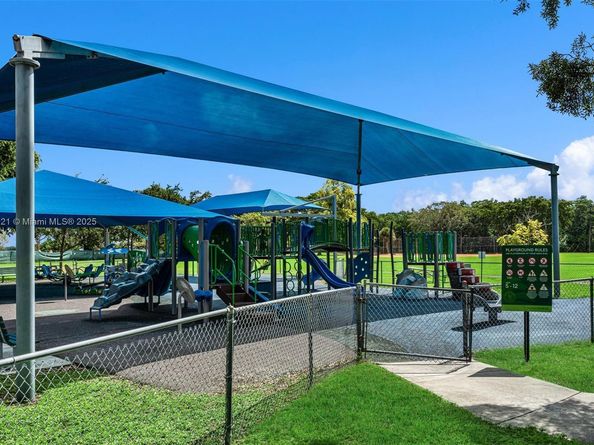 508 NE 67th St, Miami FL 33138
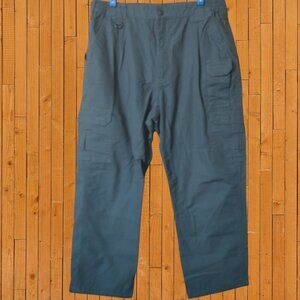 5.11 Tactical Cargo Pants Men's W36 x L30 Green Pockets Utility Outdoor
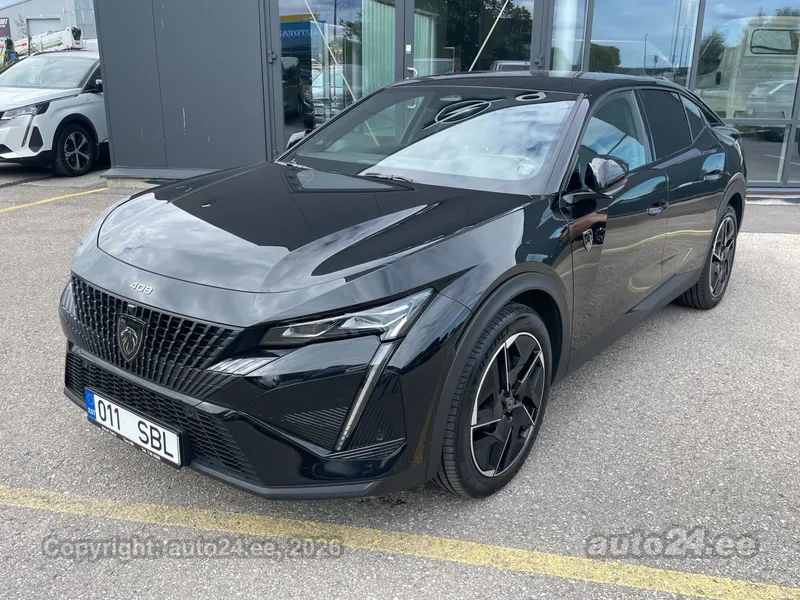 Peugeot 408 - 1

===============

Copy every line above exactly; images stay out.

 508 NE 67th St, Miami FL 33138
 5.11 Tactical Cargo Pants Men's W36 x L30 Green Pockets Utility Outdoor
 Peugeot 408 - 1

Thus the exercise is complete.